* _WHAT IS BEING ASKED_
Copy out exactly, from the entries that follow, the line holding "Klatki i wyposażenie", the line holding "[upl. by Garbers139]", and all lines between them, but no pictures.

* _MATERIAL FOR THE TASK_
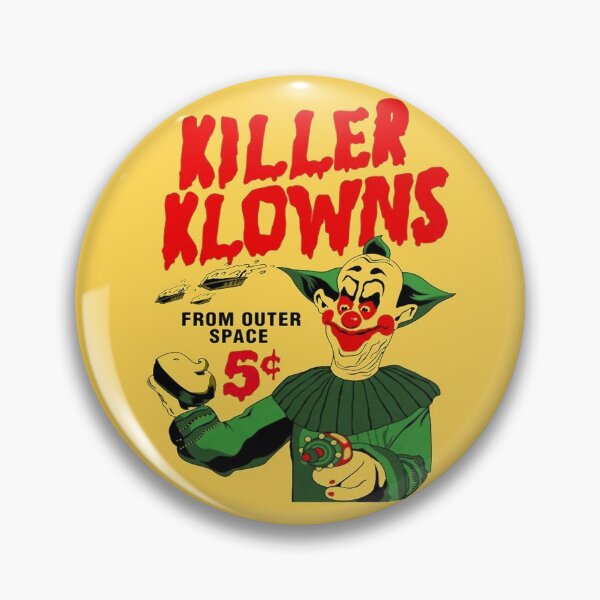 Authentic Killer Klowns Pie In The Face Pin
...
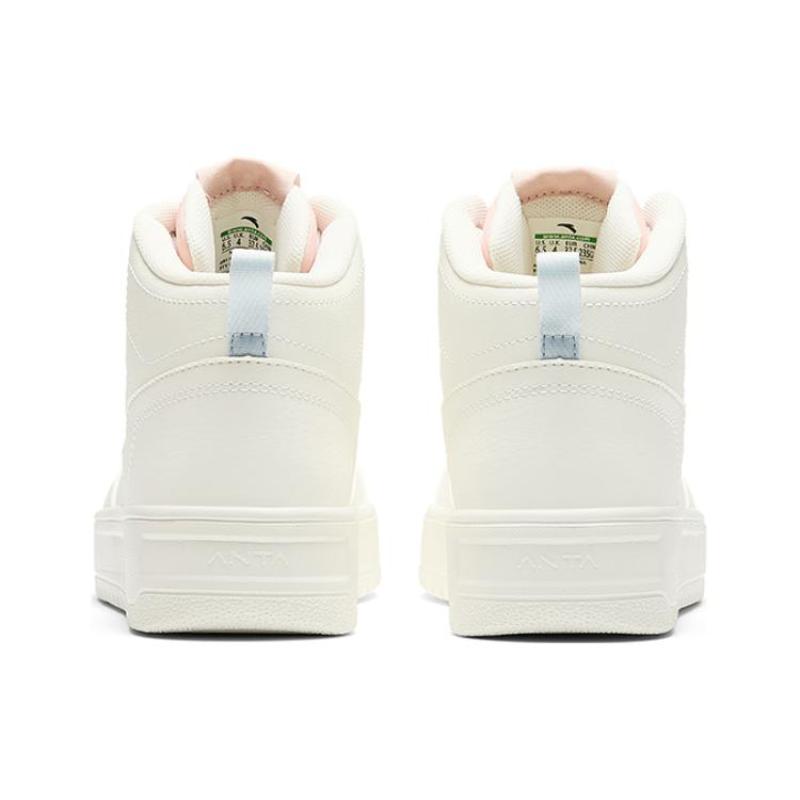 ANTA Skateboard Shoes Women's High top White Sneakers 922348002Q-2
--
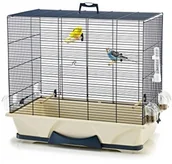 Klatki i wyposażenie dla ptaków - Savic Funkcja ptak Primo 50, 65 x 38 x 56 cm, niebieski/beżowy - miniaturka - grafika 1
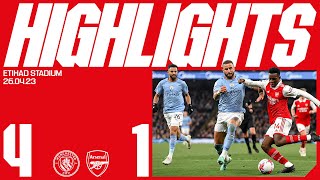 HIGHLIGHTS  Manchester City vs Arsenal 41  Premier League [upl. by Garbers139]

* _EXERCISE SOLUTION_
 Klatki i wyposażenie dla ptaków - Savic Funkcja ptak Primo 50, 65 x 38 x 56 cm, niebieski/beżowy - miniaturka - grafika 1
 HIGHLIGHTS  Manchester City vs Arsenal 41  Premier League [upl. by Garbers139]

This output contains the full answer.